PROBLEM TO WORK ON —
The expected output is the line bearing "cover image of Où vont les vents sauvages" followed by all remaining lines of the records, each restated word for word.

┌──

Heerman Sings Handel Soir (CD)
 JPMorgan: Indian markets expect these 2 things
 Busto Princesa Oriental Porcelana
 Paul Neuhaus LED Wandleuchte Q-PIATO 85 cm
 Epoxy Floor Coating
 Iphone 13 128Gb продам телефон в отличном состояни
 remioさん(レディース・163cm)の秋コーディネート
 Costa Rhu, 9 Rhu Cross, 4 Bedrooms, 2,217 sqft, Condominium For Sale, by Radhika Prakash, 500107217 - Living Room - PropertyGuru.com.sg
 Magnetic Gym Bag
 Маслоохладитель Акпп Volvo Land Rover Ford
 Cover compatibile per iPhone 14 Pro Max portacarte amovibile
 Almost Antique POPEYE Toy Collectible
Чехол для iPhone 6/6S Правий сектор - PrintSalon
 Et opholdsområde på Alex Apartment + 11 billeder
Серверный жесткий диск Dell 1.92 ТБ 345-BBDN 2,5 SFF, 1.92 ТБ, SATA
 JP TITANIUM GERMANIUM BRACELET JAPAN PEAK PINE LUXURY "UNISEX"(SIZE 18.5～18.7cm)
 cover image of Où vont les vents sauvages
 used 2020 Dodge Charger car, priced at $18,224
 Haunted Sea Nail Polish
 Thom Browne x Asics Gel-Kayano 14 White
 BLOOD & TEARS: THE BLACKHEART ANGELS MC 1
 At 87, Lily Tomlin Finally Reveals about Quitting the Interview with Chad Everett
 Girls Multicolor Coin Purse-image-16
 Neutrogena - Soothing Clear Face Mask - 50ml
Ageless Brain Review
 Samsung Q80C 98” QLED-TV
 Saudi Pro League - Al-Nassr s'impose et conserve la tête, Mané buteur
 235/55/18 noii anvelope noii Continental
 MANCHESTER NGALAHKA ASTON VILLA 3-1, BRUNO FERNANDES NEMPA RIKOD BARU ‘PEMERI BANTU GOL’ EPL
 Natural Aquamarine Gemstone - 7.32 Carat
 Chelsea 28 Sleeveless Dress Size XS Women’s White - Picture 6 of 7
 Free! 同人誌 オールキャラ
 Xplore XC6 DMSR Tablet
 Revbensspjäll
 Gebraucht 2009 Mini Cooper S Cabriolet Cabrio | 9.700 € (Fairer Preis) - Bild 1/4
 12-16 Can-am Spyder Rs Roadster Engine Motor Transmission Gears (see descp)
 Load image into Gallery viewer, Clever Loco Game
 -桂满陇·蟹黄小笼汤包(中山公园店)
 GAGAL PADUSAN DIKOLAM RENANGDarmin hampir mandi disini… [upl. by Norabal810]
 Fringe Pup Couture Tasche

└──

EXERCISE RESPONSE —
 cover image of Où vont les vents sauvages
 used 2020 Dodge Charger car, priced at $18,224
 Haunted Sea Nail Polish
 Thom Browne x Asics Gel-Kayano 14 White
 BLOOD & TEARS: THE BLACKHEART ANGELS MC 1
 At 87, Lily Tomlin Finally Reveals about Quitting the Interview with Chad Everett
 Girls Multicolor Coin Purse-image-16
 Neutrogena - Soothing Clear Face Mask - 50ml
Ageless Brain Review
 Samsung Q80C 98” QLED-TV
 Saudi Pro League - Al-Nassr s'impose et conserve la tête, Mané buteur
 235/55/18 noii anvelope noii Continental
 MANCHESTER NGALAHKA ASTON VILLA 3-1, BRUNO FERNANDES NEMPA RIKOD BARU ‘PEMERI BANTU GOL’ EPL
 Natural Aquamarine Gemstone - 7.32 Carat
 Chelsea 28 Sleeveless Dress Size XS Women’s White - Picture 6 of 7
 Free! 同人誌 オールキャラ
 Xplore XC6 DMSR Tablet
 Revbensspjäll
 Gebraucht 2009 Mini Cooper S Cabriolet Cabrio | 9.700 € (Fairer Preis) - Bild 1/4
 12-16 Can-am Spyder Rs Roadster Engine Motor Transmission Gears (see descp)
 Load image into Gallery viewer, Clever Loco Game
 -桂满陇·蟹黄小笼汤包(中山公园店)
 GAGAL PADUSAN DIKOLAM RENANGDarmin hampir mandi disini… [upl. by Norabal810]
 Fringe Pup Couture Tasche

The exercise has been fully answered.